Virginia Oldoini was born in Florence in 1837, daughter of the Marquis of La Spezia Filippo Oldoini and cousin of Count Camillo Benso di Cavour, prime politician. A few years later her birth, Cavour was planning to build a formidable military base in La Spezia, taking advantage of the natural shape of the Gulf.
The house of the Oldoinis in La Spezia is the beautiful building you can see in Piazza Sant’Agostino, which at the time had its rear facade almost facing the sea.
Virginia loves Spezia; she calls it “the beloved village,” her house is visited by officers and aristocrats who make beautiful Virginia an object of admiration. It is likely that in Spezia, the Countess becomes aware of her beauty and how she could use it to pursue her scope.
She moved to Turin, which in the decade before Italy’s unification was an outbreak of patriotic movements and the center of politics for the affirmation of the Italian Kingdom internationally.
Beautiful, intelligent, and wildly unconventional, Virginia is called the “diplomatic of the bed” for her ability to weave influential loving relationships. The powerful cousin did not hesitate to send her to France, the Court of Napoleon III, believing she could help him convince the sovereign alliance.
How Virginia affected Italy’s history is unsure. We know there were many propaganda operations, media, and politics to win the sympathy of the French ally. However, she claimed her crucial role in the Italian unification process for life.

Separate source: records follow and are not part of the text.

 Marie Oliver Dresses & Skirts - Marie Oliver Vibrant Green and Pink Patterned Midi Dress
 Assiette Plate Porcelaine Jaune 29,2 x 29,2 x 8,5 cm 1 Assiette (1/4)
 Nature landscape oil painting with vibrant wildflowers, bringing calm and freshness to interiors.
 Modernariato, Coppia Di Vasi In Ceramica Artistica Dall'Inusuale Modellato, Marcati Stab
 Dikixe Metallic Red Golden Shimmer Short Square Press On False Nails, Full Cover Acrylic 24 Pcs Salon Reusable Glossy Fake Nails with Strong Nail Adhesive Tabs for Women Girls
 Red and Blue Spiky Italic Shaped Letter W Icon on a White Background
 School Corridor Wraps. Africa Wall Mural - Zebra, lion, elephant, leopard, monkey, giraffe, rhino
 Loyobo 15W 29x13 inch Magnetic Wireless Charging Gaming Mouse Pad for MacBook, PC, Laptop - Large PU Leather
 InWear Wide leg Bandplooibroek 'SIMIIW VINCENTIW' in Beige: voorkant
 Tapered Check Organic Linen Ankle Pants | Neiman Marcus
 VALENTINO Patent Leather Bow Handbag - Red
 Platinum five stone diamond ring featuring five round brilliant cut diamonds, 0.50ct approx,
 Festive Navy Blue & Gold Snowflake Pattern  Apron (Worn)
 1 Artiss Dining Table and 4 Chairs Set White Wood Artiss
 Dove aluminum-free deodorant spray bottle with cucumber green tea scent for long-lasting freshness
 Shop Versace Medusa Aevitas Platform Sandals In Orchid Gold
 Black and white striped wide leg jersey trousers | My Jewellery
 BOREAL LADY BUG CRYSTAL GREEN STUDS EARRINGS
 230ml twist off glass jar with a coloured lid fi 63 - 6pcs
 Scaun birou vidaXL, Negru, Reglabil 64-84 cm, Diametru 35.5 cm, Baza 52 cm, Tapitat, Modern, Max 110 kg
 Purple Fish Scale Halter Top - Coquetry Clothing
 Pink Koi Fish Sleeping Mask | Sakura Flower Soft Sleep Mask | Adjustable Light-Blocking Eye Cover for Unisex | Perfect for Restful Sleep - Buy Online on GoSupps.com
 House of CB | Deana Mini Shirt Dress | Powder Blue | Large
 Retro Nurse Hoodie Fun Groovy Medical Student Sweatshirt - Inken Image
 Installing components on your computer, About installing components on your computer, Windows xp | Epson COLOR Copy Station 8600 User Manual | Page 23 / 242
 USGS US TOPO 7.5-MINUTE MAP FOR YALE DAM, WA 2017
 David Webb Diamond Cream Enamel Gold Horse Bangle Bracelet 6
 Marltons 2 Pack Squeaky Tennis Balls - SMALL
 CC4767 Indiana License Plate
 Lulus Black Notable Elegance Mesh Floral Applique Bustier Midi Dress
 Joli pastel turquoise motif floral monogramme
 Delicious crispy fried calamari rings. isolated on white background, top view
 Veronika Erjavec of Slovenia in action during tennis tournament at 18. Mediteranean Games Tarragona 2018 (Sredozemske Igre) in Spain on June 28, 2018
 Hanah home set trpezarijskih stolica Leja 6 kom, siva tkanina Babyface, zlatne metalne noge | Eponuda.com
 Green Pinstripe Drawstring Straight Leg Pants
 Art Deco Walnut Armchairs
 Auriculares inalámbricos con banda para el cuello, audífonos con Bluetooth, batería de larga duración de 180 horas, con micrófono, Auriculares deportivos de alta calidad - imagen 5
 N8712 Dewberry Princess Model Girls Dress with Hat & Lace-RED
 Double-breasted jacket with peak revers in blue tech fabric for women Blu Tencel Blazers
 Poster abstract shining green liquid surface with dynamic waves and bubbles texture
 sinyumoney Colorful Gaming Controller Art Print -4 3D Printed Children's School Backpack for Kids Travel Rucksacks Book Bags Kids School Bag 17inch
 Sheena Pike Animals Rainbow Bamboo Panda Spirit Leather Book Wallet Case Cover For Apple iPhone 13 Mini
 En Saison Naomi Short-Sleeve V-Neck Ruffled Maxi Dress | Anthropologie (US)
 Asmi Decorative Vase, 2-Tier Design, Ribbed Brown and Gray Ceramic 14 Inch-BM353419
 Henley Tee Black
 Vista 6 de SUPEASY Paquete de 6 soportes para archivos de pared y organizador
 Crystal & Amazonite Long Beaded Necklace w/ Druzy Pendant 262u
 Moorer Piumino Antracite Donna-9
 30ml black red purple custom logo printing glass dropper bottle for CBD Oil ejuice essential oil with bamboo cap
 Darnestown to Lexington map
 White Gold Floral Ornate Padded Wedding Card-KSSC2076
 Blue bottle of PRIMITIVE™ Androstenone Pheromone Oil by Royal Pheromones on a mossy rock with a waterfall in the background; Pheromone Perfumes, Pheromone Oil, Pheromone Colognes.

Dandy icon and model of the early days of photography
Obsessed by her appearance, very vain and unable to remain anonymous, she likes to surprise with provocative stage appearances, buy clothes and launch bizarre fashions. Once, to go to a ball she rolled naked in the glue and then in feathers. On another occasion at the theater, where all were expecting her naked, she appears dressed as a nun. Many can not stand her, and it is thought that the alleged attempt (possibly the Emperess’s) on Napoleon III in her Parisian home is designed precisely to discredit her.
She became the sought-after model by the most influential photographers of the time. They loved her ability to make each pose theatrical and non-conformist and turn everything into surreal artwork.
Her exhibitionism, contempt for normality, and desire to be part of an elite made her an icon of dandyism. She was part of that international spirit, the typically British and French love for excess and fine provocation.
She worked closely with the imperial photographer Pierre-Louis Pierson, the author of the Countess’s most famous portrait. He depicted her, at the age of twenty-five, looking through a small monocle.
La Spezia people see in this photograph the typical local attitude expressed in the motto “Mia che te mio,” look, I look at you!”. The picture also inspired the sculptor Vaccarone for the bust at the main entrance of Virginia Oldoini’shome.